With Ecuador and its Galapagos Islands province now reaching a vaccination rate that’s above 87%, the country has now re-opened to international travel. Likewise, travelers are once again reminded that vacationing in the Galapagos is like walking into your own NatGeo documentary.

As Darwin himself noted, these islands are home to some of the world’s rarest and most wonderful creatures, therefore a wildlife tour on this fascinating archipelago is not to be missed. So if you are looking for a truly unique wildlife vacation, then Galapagos ticks off all the boxes.

Here, we have highlighted some of the species that you can discover in the islands, an archipelago where visitors are rewarded with unbelievably up-close encounters with the most iconic Galapagos Islands wildlife species.

1. Galapagos greater flamingos

Though not endemic to the Galapagos archipelago, these elegant birds are still a favorite of visitors to the islands. More vividly pink than their European counterparts, this intense color is the result of a diet of brine shrimp, which they catch by dipping their long necks under the brackish saltwater.

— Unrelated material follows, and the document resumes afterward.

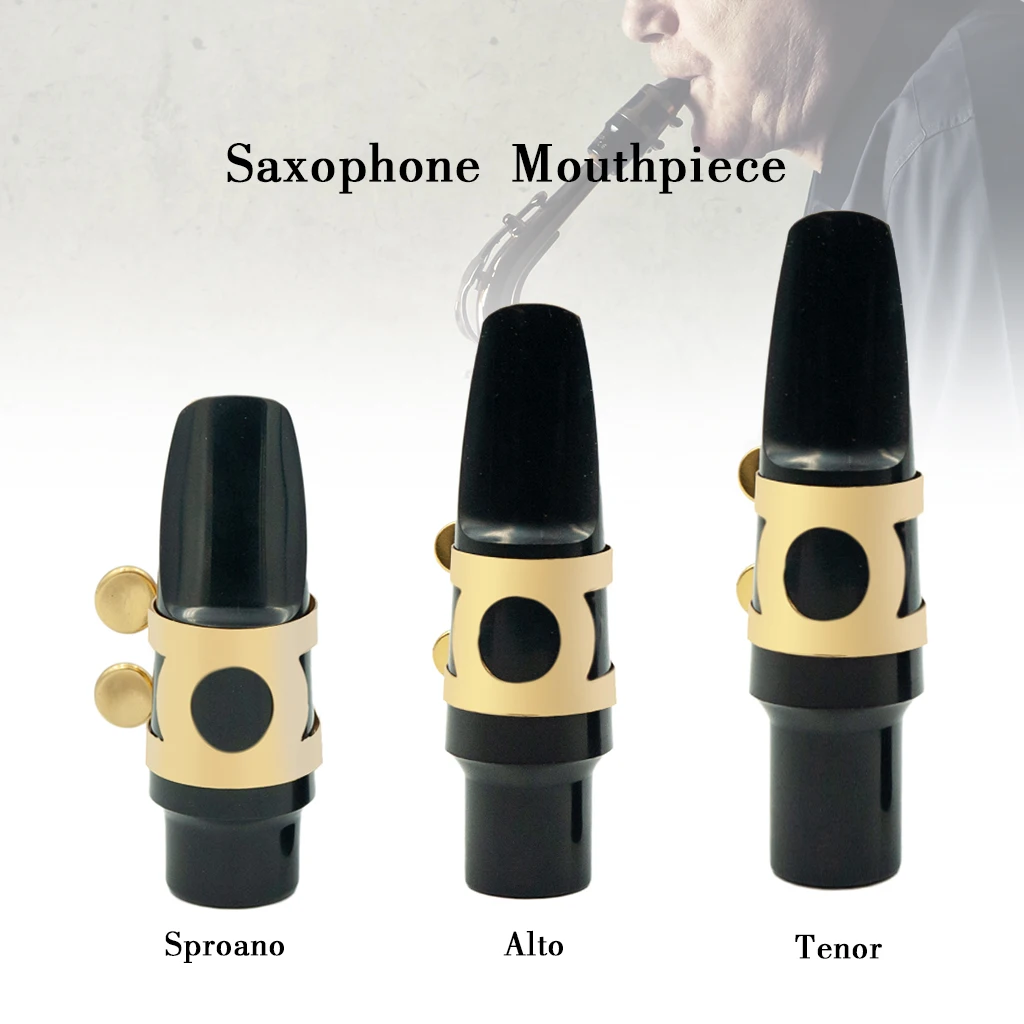 Мундштук для саксофона из АБС-пластика Tenor Alto Soprano Sax MTP Gold Ligature с АБС-кепкой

According to a recent census, the population of flamingos in Galapagos numbers only about 400 individuals, with Isabela Island being the species’ most prominent residence. As these beautiful birds are known to fly from lagoon to lagoon —and even from island to island— you may be fortunate enough to spot them in flight with their elongated necks and extra-long legs outstretched to the max – a very special sight on any Galapagos tour.

2. Galapagos hammerhead shark

As the Galapagos Islands is a world-class snorkeling and diving destination, every year thousands of visitors strap on their masks and dive on in to spend quality time with the local marine life. Divers in particular can witness the amazing sight of non-aggressive hammerhead sharks prowling the waters of the far north-west Darwin and Wolf islands. Here you don’t just see one or two lone sharks, but occasionally entire schools of Galapagos hammerhead numbering up to several hundred at a time!

3. Waved albatross

One of the rarest birds in the world, the streamlined Waved Albatross nests in only one place: Española Island in the Galapagos. This is where their numbers swell to over 30,000 between the months of April to December.

As these large birds boast a massive wingspan that can reach over eight feet (2.5 meters), this assists them in flying out at sea for days at a time, where they scour the waters for squid and fish. Seeing a waved albatross in flight is quite the sight, as they glide gracefully while up in the skies. Landing and take-off for these large birds, however, are different matters, as both of these movements somewhat clumsy … if not comical. Similarly, the bird’s walking is an ungainly waddle.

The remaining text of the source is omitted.